### [The problem]
The listing that follows should be copied in full and exactly, with no pictures.

### [Data excerpt]
:::::
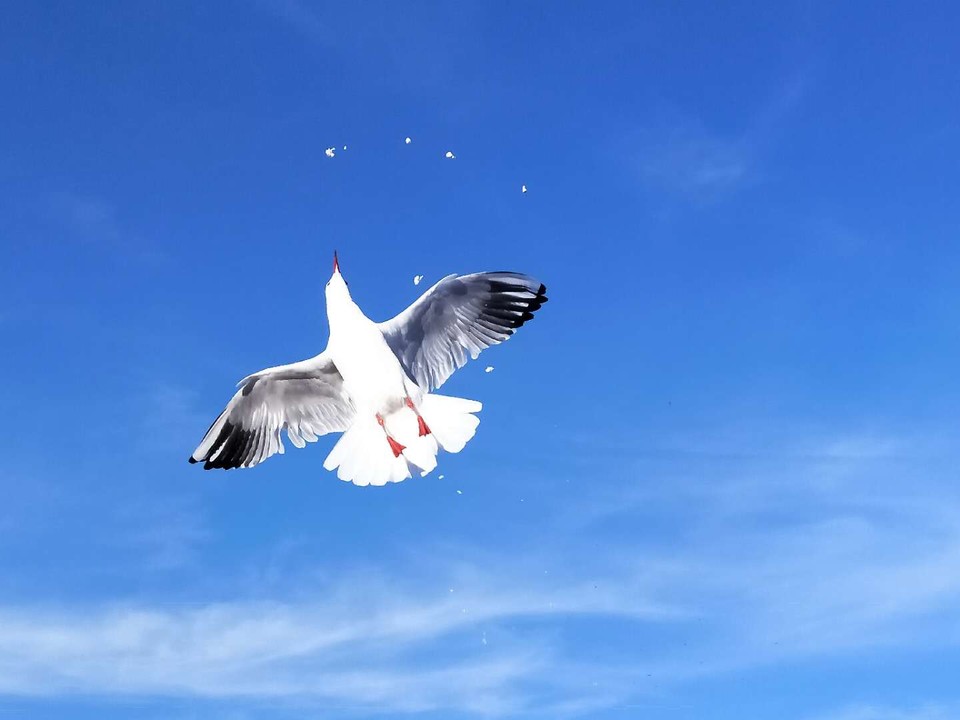 ZQLMykeJQQENzuFnQoAQ0KLYtx1sL21NPuBXiJ8FHGOYzWrH4T4AlPLpXFwGw49C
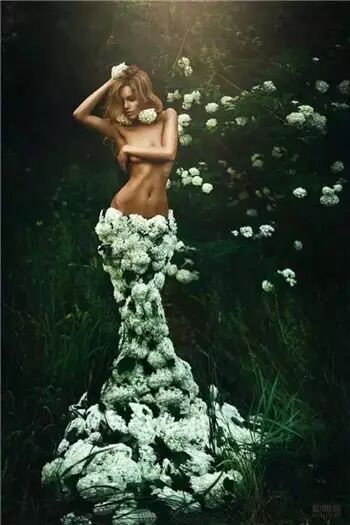 鲜花,衣裳3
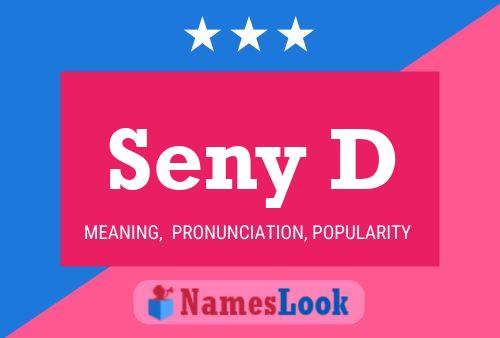 Seny D 名字海报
:::::
### [Response area]
 ZQLMykeJQQENzuFnQoAQ0KLYtx1sL21NPuBXiJ8FHGOYzWrH4T4AlPLpXFwGw49C
 鲜花,衣裳3
 Seny D 名字海报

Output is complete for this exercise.